[Records contained in a dataset]
★ ★ ★

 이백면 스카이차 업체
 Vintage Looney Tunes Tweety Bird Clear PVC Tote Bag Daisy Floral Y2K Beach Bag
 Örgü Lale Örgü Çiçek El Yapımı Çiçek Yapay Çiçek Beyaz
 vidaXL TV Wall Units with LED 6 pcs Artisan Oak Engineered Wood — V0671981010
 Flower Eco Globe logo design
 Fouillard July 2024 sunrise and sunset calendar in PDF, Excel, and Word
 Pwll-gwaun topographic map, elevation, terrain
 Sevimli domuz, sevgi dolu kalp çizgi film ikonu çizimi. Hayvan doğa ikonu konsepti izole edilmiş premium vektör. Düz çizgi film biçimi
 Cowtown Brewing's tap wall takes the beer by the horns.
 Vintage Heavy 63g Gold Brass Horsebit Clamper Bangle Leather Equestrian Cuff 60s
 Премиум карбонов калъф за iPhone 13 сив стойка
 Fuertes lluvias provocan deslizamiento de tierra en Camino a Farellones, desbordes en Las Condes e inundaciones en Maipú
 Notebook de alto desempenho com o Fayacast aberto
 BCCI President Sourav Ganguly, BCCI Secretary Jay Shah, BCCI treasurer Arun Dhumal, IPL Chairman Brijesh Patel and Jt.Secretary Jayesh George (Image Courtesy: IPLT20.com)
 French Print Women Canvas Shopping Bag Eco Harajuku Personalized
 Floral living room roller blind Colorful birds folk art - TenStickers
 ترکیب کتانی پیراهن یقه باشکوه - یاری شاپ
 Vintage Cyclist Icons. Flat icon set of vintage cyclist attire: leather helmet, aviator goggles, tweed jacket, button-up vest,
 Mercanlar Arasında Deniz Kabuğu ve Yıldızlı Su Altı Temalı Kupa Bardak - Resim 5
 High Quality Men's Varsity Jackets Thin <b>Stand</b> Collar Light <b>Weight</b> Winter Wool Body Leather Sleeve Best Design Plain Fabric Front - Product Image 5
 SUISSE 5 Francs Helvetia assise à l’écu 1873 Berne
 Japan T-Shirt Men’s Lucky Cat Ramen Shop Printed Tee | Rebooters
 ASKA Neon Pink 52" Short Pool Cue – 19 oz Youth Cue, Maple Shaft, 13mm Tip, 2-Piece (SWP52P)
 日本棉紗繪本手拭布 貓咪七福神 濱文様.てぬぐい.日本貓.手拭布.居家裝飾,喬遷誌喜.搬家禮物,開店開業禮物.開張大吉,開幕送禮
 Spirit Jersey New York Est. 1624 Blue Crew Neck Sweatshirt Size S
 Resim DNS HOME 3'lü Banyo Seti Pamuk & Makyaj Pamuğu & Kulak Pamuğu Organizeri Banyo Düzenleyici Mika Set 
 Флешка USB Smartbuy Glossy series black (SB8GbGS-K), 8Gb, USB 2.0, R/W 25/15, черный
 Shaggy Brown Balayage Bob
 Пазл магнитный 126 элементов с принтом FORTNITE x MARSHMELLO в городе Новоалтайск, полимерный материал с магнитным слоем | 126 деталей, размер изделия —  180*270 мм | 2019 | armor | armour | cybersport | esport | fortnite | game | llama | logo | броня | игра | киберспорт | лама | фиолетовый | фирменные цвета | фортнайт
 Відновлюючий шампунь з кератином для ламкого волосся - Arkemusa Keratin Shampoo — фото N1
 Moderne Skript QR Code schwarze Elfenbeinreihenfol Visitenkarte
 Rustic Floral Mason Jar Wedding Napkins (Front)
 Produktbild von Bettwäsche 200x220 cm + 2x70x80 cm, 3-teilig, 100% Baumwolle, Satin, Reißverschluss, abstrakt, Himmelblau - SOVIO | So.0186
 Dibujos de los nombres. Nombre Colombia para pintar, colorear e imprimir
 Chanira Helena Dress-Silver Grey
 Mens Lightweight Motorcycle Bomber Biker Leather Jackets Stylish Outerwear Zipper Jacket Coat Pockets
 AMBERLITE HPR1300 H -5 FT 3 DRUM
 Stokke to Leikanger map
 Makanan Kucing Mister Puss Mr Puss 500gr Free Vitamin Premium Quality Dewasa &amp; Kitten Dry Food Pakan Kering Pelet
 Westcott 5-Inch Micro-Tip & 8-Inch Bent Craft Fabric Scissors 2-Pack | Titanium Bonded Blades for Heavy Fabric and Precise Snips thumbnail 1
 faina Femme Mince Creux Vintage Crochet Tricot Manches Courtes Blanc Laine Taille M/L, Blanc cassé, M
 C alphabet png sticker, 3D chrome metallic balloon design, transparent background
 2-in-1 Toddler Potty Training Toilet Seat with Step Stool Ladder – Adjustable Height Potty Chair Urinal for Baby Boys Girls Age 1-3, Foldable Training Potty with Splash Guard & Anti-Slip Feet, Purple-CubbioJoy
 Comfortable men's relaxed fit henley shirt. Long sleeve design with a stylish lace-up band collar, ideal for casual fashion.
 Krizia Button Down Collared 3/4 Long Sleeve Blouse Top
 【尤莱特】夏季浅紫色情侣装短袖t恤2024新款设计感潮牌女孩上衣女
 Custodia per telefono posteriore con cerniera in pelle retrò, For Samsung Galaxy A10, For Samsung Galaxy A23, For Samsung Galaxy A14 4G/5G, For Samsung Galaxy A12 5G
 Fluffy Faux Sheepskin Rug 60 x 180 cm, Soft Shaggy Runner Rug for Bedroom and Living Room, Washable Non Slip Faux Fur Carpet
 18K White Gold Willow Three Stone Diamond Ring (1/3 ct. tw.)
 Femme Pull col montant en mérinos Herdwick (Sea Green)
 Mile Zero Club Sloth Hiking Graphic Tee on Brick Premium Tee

★ ★ ★

## Problem to work on
Scan the records for the string "Heavy" and show every line that contains it.

## Solution to this exercise
 Vintage Heavy 63g Gold Brass Horsebit Clamper Bangle Leather Equestrian Cuff 60s
 Westcott 5-Inch Micro-Tip & 8-Inch Bent Craft Fabric Scissors 2-Pack | Titanium Bonded Blades for Heavy Fabric and Precise Snips thumbnail 1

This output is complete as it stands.